» **Task description**:
Give the entries again exactly, without pictures.

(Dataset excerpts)
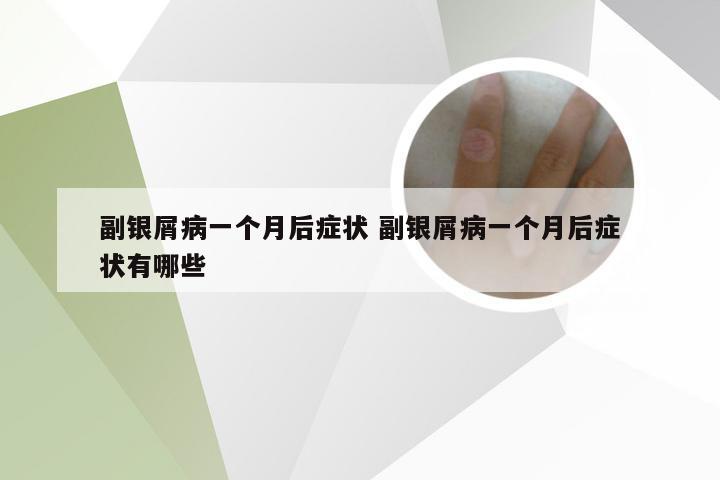 副银屑病一个月后症状 副银屑病一个月后症状有哪些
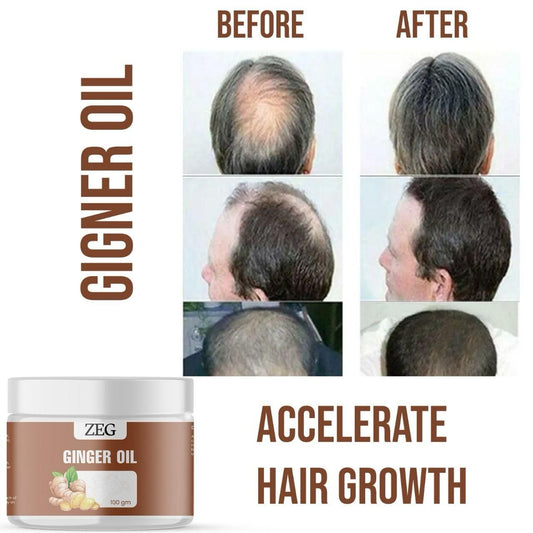 ZEG Ginger Oil for body massage in a jar, promoting healthy hair growth with before and after images
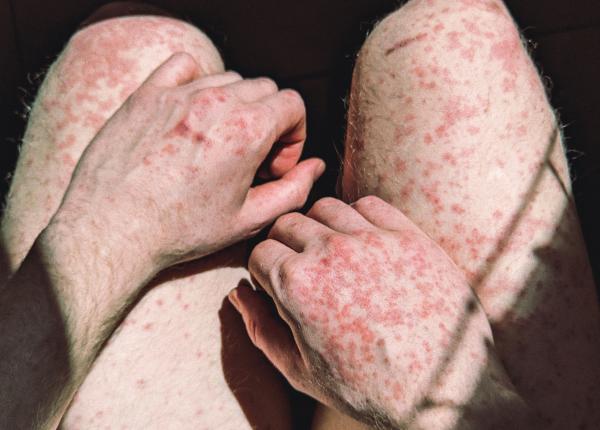 epidemie de rujeola cum sa te feresti de boala trebuie sa ne revaccinam epidemie de rujeola cum sa te feresti de boala trebuie sa ne revaccinam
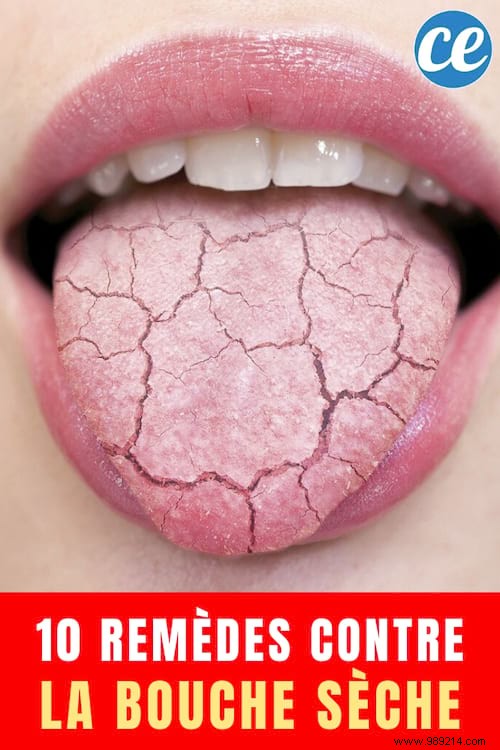 10 Simple And Effective Remedies For Dry Mouth. 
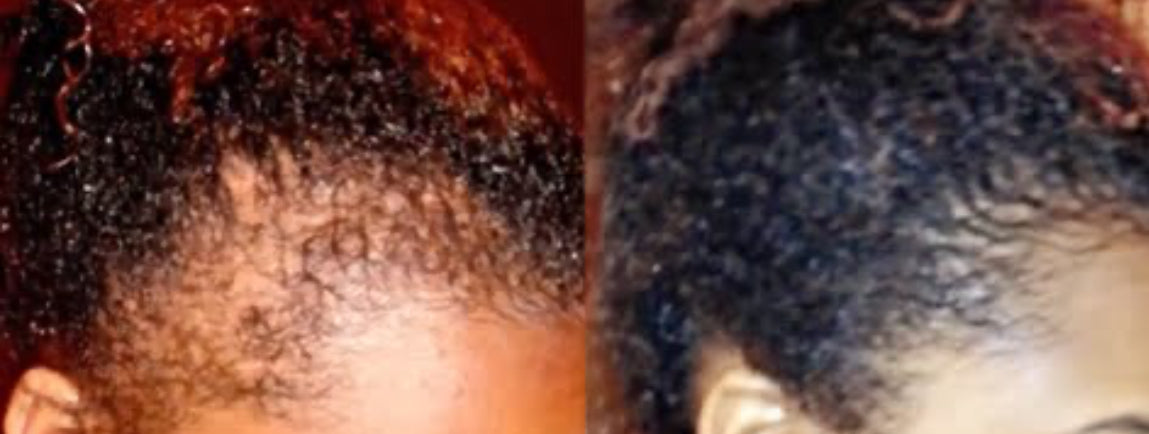 Sanusi Herbal “Hair Treatment" 10 ml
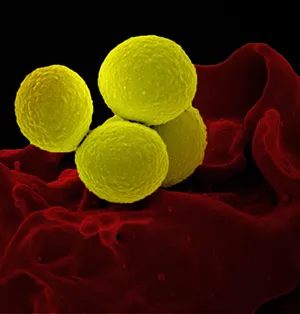Illustration of bacteria or pathogens causing healthcare-associated infections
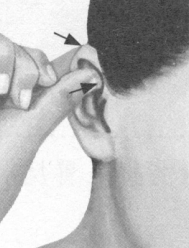 胃肠炎按摩部位图解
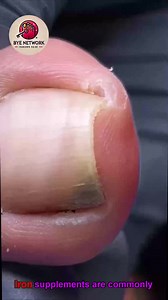 88K views · 548 reactions | Smart Ways to Help People with Curved Nails Care for Your Feet Naturally #EverydayCare #SafeSteps #FootSupport #SeniorHealth | Bye | Facebook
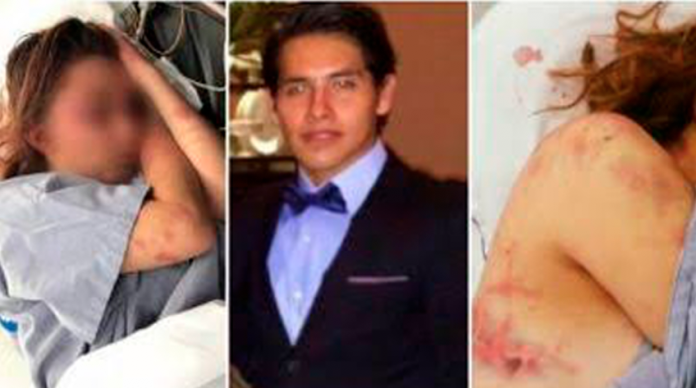 Karateka que dio brutal golpiza a su novia queda en libertad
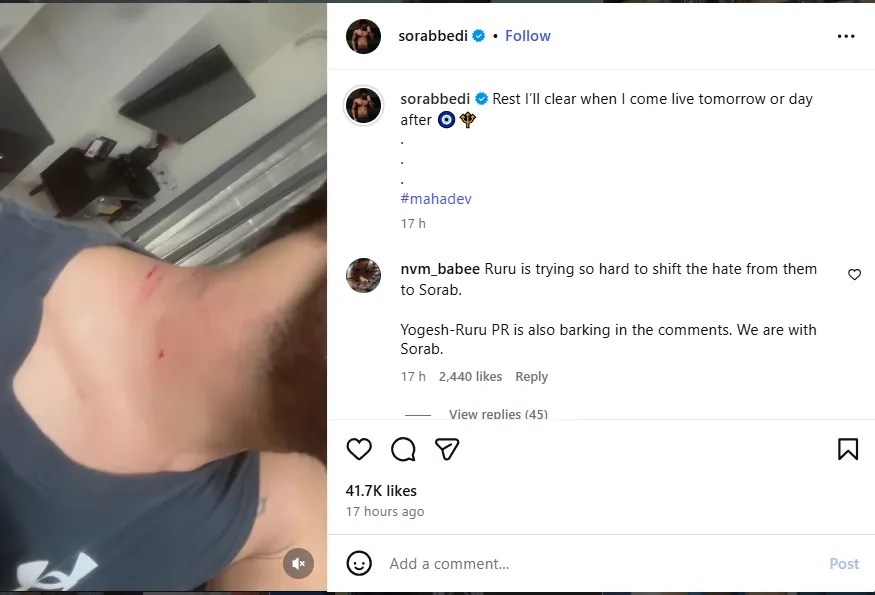 Sorab Bedi Cheating Controversy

» **Finished exercise**:
 副银屑病一个月后症状 副银屑病一个月后症状有哪些
 ZEG Ginger Oil for body massage in a jar, promoting healthy hair growth with before and after images
 epidemie de rujeola cum sa te feresti de boala trebuie sa ne revaccinam epidemie de rujeola cum sa te feresti de boala trebuie sa ne revaccinam
 10 Simple And Effective Remedies For Dry Mouth. 
 Sanusi Herbal “Hair Treatment" 10 ml
Illustration of bacteria or pathogens causing healthcare-associated infections
 胃肠炎按摩部位图解
 88K views · 548 reactions | Smart Ways to Help People with Curved Nails Care for Your Feet Naturally #EverydayCare #SafeSteps #FootSupport #SeniorHealth | Bye | Facebook
 Karateka que dio brutal golpiza a su novia queda en libertad
 Sorab Bedi Cheating Controversy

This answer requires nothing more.